■ AIM OF THE TASK ■
Could you restate word for word only the lines below from the one holding "GUCCI Screener Padded" to the one holding "2021 Cadillac Escalade", inclusive, and leave out the pictures?
START LISTED RECORDS
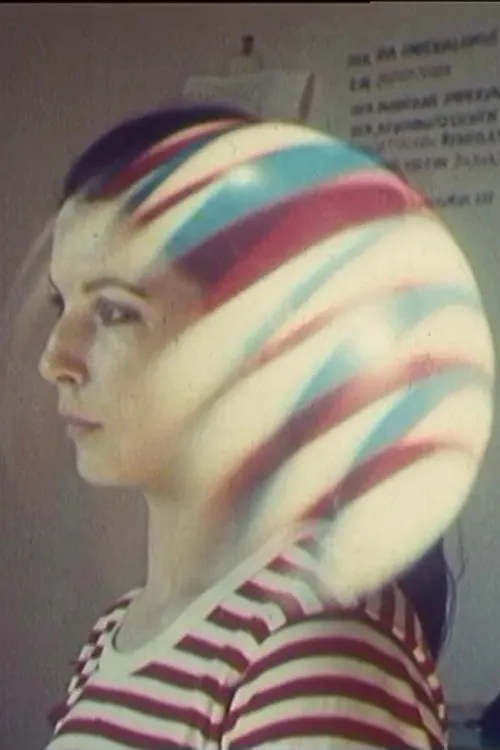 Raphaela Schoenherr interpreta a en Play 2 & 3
END LISTED RECORDS
START LISTED RECORDS
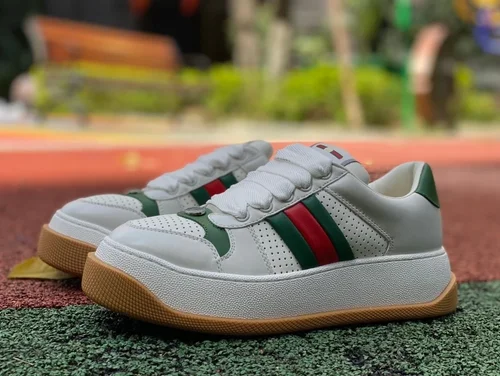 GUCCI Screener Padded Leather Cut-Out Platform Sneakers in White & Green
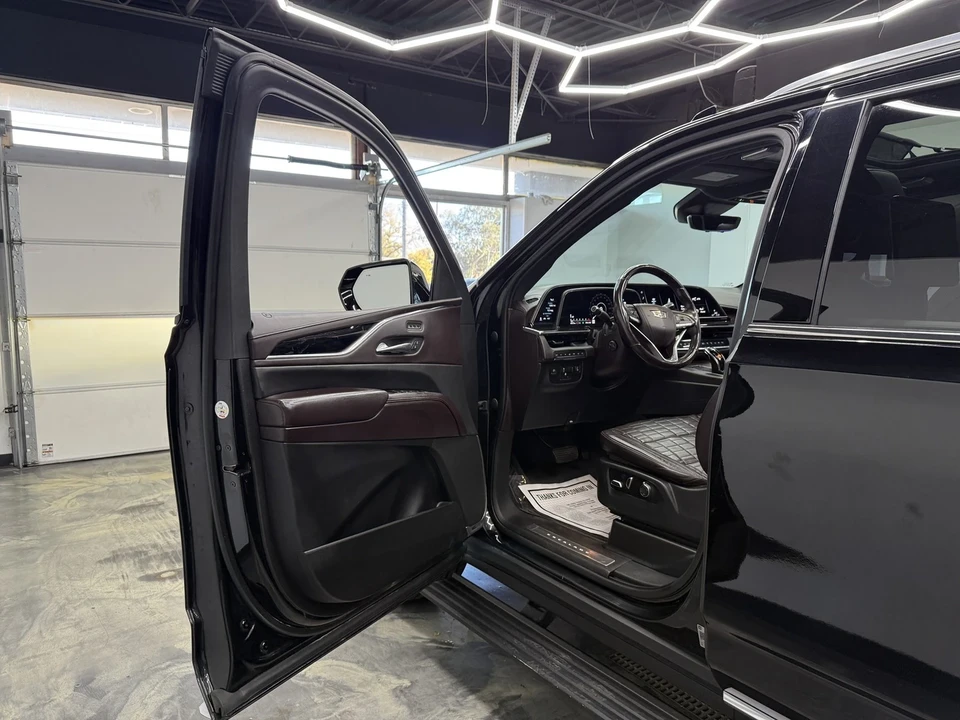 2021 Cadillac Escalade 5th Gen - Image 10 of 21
END LISTED RECORDS
START LISTED RECORDS
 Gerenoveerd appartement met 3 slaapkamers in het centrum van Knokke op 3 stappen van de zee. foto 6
END LISTED RECORDS
■ WRITTEN RESPONSE ■
 GUCCI Screener Padded Leather Cut-Out Platform Sneakers in White & Green
 2021 Cadillac Escalade 5th Gen - Image 10 of 21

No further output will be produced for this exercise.